A way to play this would be to short or buy puts on
the Market Vectors Agribusiness ETF –
(MOO). MOO gives you exposure to a plethora of
agriculture related companies like DE, POT and more.
Oil
Much of oil’s recent run-up is due to potential supply issues
and has little or nothing to do with demand. If China were to
experience a hard landing, there is a good chance we would see both
West Texas and Brent Crude take a hit. Even an orderly
slowdown in the world's most poplulated country would help push oil
prices lower.
To play oil to the downside, you could short or buy puts in
the US Oil Fund ETF (USO). USO is not
an investment that you want to hold long for a while due to its
negative monthly roll yield. This negative roll yield is
caused by a normal “contango” in oil futures, where longer dated
futures cost more than short term futures. Taking a short
position in the USO is just fine.
Steel
According to the Financial Times, China’s demand for steel has
soared over the past decade, with annual growth averaging 15%,
which now accounts for more than 40% of global steel
production. They are also the world’s largest consumer of
iron ore and account for 60% of all the steel traded globally in
2011.
Just last year China saw steel demand growth drop to 8% and many
analysts are expecting more dramatic slowdowns to be
announced.

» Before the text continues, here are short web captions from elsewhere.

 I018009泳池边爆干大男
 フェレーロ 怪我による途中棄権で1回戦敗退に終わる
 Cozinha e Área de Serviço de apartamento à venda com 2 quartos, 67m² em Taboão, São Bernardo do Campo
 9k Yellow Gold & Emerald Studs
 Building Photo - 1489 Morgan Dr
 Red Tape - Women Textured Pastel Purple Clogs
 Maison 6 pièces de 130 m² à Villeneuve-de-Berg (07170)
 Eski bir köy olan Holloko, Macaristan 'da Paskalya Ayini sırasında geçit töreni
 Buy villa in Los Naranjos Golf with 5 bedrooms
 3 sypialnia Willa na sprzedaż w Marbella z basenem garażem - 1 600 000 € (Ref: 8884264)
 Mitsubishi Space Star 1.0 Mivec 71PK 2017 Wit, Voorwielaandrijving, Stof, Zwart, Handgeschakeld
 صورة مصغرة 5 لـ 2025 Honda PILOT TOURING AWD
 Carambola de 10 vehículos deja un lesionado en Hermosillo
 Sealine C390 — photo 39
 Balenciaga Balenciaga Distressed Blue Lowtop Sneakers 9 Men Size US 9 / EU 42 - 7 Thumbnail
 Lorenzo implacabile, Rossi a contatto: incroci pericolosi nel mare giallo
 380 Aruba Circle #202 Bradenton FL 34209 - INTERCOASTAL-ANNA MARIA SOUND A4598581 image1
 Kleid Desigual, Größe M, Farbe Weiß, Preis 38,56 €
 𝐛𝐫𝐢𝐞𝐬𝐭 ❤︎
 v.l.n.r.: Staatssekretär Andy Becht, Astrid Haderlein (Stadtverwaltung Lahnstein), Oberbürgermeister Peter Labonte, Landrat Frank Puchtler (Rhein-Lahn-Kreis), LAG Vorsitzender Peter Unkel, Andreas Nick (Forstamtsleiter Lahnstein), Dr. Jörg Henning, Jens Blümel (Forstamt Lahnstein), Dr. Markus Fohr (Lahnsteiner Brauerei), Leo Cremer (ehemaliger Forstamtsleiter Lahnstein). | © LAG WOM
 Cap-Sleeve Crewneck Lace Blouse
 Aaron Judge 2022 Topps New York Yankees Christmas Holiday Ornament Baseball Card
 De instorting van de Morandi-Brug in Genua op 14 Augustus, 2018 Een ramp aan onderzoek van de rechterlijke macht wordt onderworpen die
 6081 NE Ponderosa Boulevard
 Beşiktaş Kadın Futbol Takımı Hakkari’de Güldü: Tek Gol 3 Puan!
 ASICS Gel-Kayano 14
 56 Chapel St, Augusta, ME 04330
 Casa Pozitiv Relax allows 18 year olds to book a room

A dip in Chinese consumption would not only
adversely affect steelmakers and miners
like ArcelorMittal
(MT) and BHP Billiton (BHP), but also
the coke and coal miners like AK
Steel (AKS) and others (several of the producers like
MT and X also have coke plants) who supply the steelmakers.
The reality is that all these industries have been preparing as
best they can for China’s growth to slow, but if China experiences
the hard landing that many experts believe is likely, the
preparation will only mitigate the inevitable reduction in profit
for these companies.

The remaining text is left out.